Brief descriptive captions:
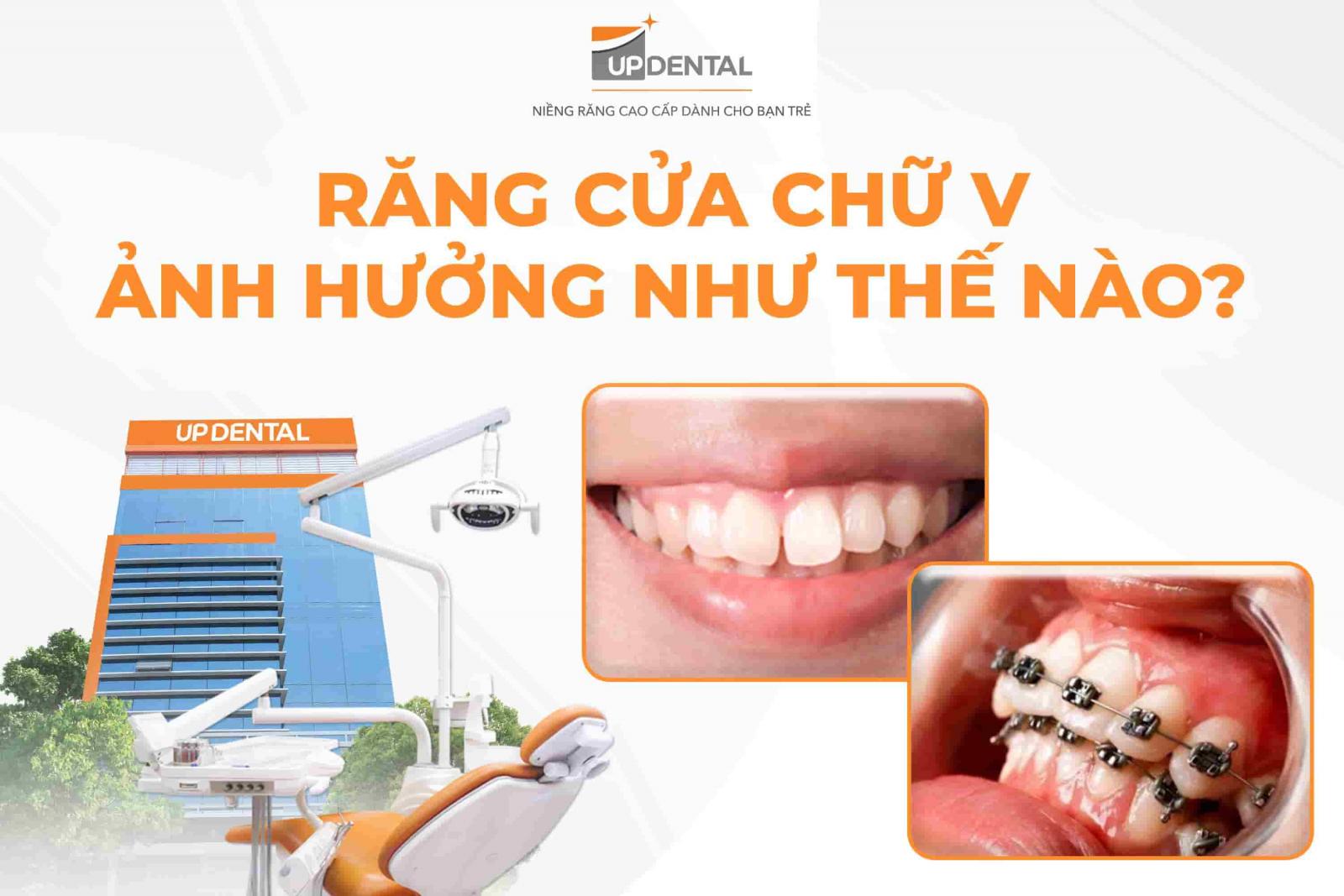Răng cửa chữ V ảnh hưởng như thế nào?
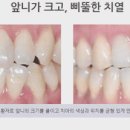 미소하나치과의원 이미지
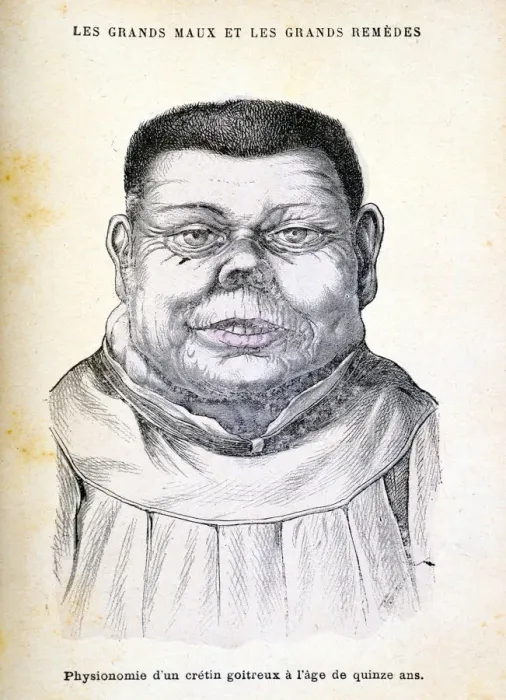 Framed Print : Cretin aged 15, c1890 Framed Print : Cretin aged 15, c1890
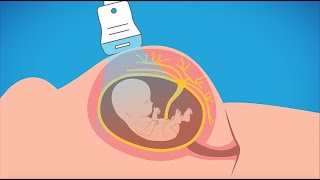 Advanced prenatal genetic testing [upl. by Chafee]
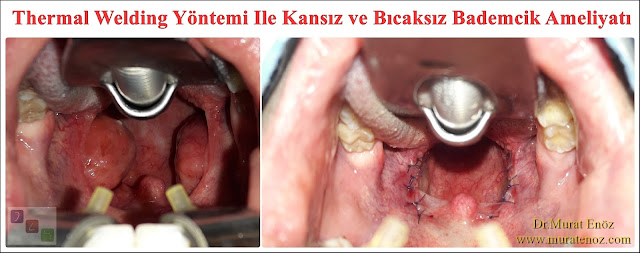 Before and After Potos For Thermal Welding Tonsillectomy Operation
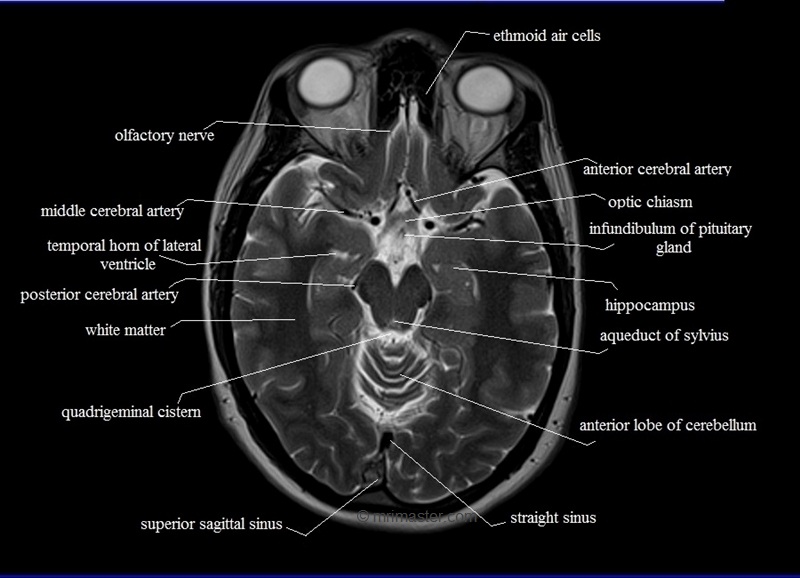 Anatomy – Indian Radiological And Imaging Association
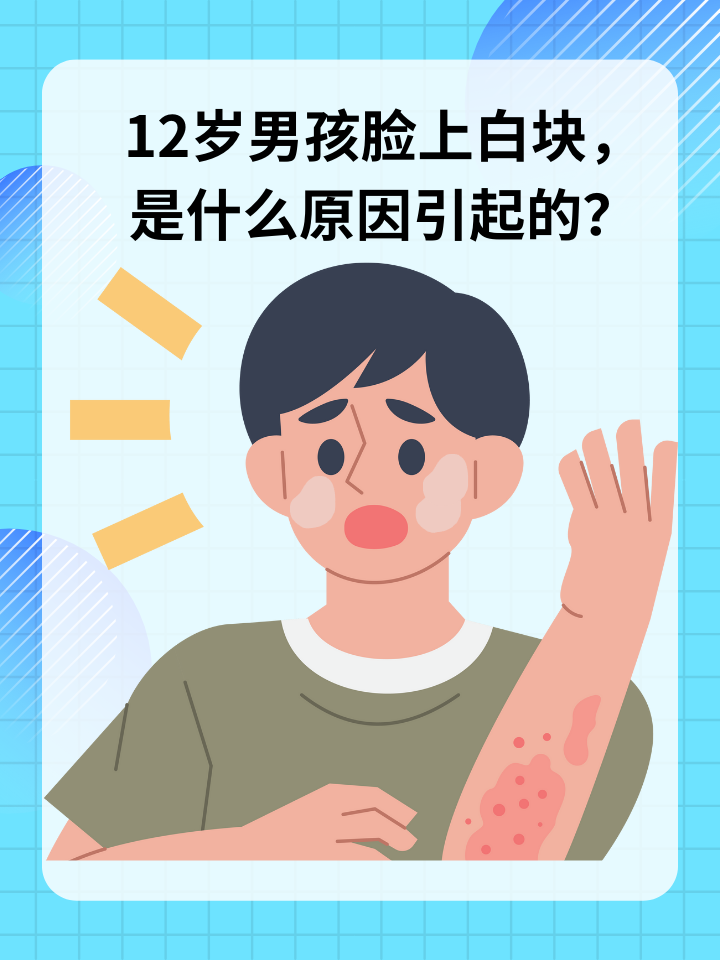 12岁男孩脸上白块，是什么原因引起的？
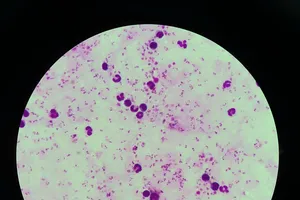 TP.HCM: Hai người trở về từ Châu Phi mang theo virus sốt rét ác tính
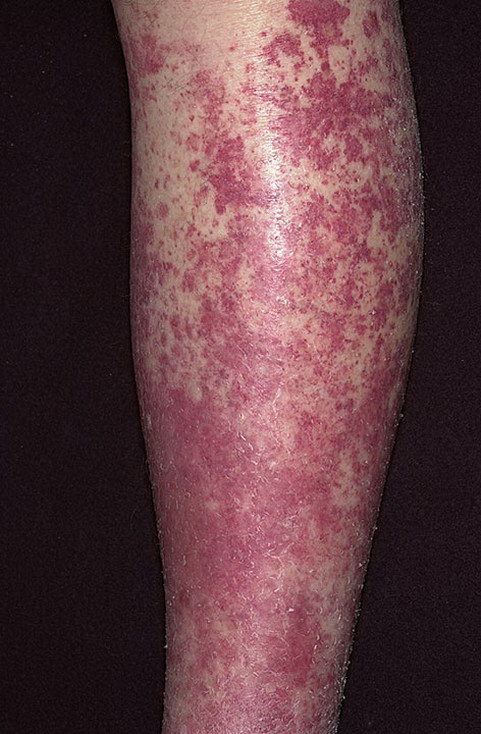 alergiczne zapalenie naczyń krwionośnych na nodze
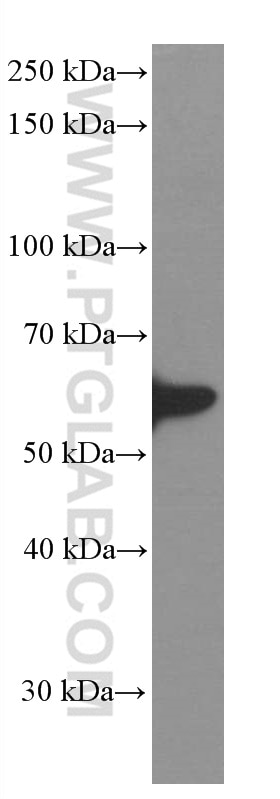 Western Blot (WB) analysis of mouse brain tissue using GDI1 Monoclonal antibody (66434-1-Ig)
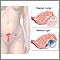 Ovarian growth worries Ovarian growth worries
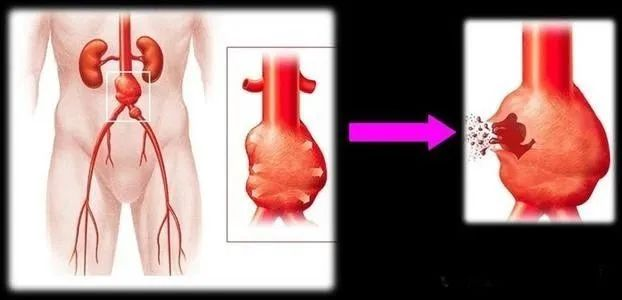 普洱市人民医院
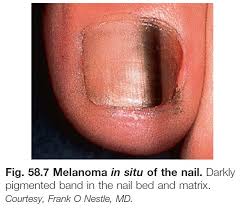 nail disorders chapter 58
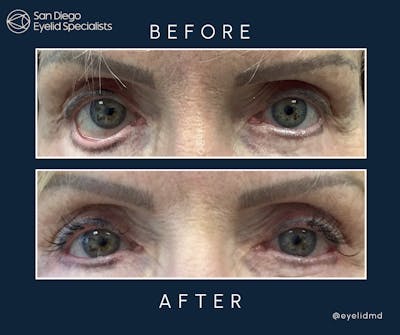 Revisional Eyelid Surgery Before & After Gallery - Patient 300125 - Image 1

_Assigned task_
Keep each line of the records exactly as it is while transcribing them, but leave the images behind.

_Result of this task_
Răng cửa chữ V ảnh hưởng như thế nào?
 미소하나치과의원 이미지
 Framed Print : Cretin aged 15, c1890 Framed Print : Cretin aged 15, c1890
 Advanced prenatal genetic testing [upl. by Chafee]
 Before and After Potos For Thermal Welding Tonsillectomy Operation
 Anatomy – Indian Radiological And Imaging Association
 12岁男孩脸上白块，是什么原因引起的？
 TP.HCM: Hai người trở về từ Châu Phi mang theo virus sốt rét ác tính
 alergiczne zapalenie naczyń krwionośnych na nodze
 Western Blot (WB) analysis of mouse brain tissue using GDI1 Monoclonal antibody (66434-1-Ig)
 Ovarian growth worries Ovarian growth worries
 普洱市人民医院
 nail disorders chapter 58
 Revisional Eyelid Surgery Before & After Gallery - Patient 300125 - Image 1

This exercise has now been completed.